Brief descriptive captions:
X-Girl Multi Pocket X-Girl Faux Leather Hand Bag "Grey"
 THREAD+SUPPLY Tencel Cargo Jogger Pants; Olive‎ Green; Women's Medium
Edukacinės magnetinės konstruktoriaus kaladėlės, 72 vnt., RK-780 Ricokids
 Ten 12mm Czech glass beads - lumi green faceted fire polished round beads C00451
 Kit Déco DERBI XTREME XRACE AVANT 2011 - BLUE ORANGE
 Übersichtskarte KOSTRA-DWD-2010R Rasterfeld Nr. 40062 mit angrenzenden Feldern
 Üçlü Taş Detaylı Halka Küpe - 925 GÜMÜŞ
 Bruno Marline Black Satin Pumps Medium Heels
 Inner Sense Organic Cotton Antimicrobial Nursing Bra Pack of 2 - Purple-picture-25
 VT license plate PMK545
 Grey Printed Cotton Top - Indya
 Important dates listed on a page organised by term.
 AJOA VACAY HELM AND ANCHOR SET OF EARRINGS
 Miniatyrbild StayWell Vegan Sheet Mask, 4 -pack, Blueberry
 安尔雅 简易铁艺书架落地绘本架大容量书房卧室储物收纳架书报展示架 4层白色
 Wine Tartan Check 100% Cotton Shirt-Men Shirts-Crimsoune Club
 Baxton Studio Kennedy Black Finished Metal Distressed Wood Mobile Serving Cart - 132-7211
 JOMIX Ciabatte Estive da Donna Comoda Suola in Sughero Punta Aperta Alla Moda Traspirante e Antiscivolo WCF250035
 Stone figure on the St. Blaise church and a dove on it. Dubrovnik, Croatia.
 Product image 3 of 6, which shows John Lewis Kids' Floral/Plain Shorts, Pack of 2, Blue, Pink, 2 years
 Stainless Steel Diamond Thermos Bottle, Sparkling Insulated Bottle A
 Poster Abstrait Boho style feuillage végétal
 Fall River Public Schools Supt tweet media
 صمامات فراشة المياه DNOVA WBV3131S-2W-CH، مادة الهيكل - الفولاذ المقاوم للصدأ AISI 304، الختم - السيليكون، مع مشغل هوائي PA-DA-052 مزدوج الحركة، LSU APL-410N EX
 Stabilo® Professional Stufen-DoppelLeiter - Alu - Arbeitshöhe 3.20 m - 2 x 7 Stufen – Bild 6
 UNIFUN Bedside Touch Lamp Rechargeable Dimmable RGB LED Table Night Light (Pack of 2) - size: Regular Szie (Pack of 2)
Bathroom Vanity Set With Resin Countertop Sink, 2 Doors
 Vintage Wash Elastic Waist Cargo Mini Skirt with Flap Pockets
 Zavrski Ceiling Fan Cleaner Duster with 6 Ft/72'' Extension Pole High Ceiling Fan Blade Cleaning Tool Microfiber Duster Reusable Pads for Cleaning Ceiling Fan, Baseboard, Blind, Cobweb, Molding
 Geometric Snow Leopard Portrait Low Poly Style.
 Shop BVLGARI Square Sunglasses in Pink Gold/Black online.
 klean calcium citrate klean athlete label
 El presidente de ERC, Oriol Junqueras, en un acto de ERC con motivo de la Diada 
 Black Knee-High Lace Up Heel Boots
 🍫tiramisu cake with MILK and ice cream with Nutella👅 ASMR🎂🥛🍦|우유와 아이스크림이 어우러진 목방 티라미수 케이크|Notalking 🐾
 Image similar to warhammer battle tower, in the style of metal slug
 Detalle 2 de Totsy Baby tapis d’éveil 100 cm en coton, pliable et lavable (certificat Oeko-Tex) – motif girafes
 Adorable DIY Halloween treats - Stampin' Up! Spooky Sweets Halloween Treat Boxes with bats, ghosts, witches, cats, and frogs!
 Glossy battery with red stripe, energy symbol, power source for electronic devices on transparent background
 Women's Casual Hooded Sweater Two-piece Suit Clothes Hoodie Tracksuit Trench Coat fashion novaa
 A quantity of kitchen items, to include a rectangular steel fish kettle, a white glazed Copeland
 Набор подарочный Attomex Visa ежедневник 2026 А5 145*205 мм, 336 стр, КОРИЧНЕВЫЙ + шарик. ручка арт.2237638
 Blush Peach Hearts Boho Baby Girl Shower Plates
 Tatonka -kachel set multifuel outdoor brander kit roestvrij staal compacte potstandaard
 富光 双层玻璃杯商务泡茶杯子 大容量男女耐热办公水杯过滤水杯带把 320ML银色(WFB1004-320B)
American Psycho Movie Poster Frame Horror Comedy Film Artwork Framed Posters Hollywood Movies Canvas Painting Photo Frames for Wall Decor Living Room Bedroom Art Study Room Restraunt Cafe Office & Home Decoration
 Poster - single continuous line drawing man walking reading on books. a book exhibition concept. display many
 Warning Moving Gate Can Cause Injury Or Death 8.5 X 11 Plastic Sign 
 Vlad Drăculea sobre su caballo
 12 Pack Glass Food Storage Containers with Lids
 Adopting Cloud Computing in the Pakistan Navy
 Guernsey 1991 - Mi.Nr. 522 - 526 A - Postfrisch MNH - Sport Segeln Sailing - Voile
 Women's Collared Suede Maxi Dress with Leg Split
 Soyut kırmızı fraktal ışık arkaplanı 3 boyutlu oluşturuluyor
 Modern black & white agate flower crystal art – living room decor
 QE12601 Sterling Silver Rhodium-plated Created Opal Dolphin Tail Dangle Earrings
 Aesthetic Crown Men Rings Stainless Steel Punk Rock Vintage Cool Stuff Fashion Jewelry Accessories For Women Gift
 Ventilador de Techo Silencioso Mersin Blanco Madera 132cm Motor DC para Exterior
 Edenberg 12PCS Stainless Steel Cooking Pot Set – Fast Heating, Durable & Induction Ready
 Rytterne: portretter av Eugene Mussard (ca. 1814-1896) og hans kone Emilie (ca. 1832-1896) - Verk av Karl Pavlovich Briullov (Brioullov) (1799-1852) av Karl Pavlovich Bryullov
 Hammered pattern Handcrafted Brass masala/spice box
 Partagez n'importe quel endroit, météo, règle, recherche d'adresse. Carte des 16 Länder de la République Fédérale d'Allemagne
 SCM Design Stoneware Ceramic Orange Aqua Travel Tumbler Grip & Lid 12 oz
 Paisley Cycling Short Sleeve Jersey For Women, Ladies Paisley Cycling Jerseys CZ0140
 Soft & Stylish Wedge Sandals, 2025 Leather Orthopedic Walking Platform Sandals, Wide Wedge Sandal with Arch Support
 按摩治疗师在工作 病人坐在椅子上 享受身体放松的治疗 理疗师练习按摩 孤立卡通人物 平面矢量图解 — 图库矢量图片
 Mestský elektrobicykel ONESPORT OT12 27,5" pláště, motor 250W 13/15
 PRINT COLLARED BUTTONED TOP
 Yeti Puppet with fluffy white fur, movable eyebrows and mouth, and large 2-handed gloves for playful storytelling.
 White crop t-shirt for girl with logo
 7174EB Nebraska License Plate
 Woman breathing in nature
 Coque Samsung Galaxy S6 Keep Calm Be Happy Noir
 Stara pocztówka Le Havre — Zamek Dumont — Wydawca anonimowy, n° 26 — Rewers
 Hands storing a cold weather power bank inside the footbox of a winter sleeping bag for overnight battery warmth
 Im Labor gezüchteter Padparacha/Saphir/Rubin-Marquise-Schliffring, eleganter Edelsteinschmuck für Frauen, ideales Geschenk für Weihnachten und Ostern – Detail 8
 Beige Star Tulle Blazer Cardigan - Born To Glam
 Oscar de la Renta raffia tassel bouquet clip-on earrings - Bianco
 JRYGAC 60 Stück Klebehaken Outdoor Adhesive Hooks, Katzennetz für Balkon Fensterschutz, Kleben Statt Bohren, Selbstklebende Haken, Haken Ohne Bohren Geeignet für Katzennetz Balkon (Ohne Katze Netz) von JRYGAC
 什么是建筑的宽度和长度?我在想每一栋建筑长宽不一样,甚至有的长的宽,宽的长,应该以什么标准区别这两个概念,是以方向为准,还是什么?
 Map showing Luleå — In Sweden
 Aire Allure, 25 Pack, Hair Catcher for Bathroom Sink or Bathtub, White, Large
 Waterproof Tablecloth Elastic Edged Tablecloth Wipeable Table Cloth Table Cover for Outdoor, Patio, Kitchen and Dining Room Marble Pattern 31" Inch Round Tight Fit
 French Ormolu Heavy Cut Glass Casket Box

# The task
Taking the entries above, write out exactly each line from the one holding "American Psycho Movie" to the one holding "Edenberg 12PCS Stainless", both included, and stop there.

# Response to the task
American Psycho Movie Poster Frame Horror Comedy Film Artwork Framed Posters Hollywood Movies Canvas Painting Photo Frames for Wall Decor Living Room Bedroom Art Study Room Restraunt Cafe Office & Home Decoration
 Poster - single continuous line drawing man walking reading on books. a book exhibition concept. display many
 Warning Moving Gate Can Cause Injury Or Death 8.5 X 11 Plastic Sign 
 Vlad Drăculea sobre su caballo
 12 Pack Glass Food Storage Containers with Lids
 Adopting Cloud Computing in the Pakistan Navy
 Guernsey 1991 - Mi.Nr. 522 - 526 A - Postfrisch MNH - Sport Segeln Sailing - Voile
 Women's Collared Suede Maxi Dress with Leg Split
 Soyut kırmızı fraktal ışık arkaplanı 3 boyutlu oluşturuluyor
 Modern black & white agate flower crystal art – living room decor
 QE12601 Sterling Silver Rhodium-plated Created Opal Dolphin Tail Dangle Earrings
 Aesthetic Crown Men Rings Stainless Steel Punk Rock Vintage Cool Stuff Fashion Jewelry Accessories For Women Gift
 Ventilador de Techo Silencioso Mersin Blanco Madera 132cm Motor DC para Exterior
 Edenberg 12PCS Stainless Steel Cooking Pot Set – Fast Heating, Durable & Induction Ready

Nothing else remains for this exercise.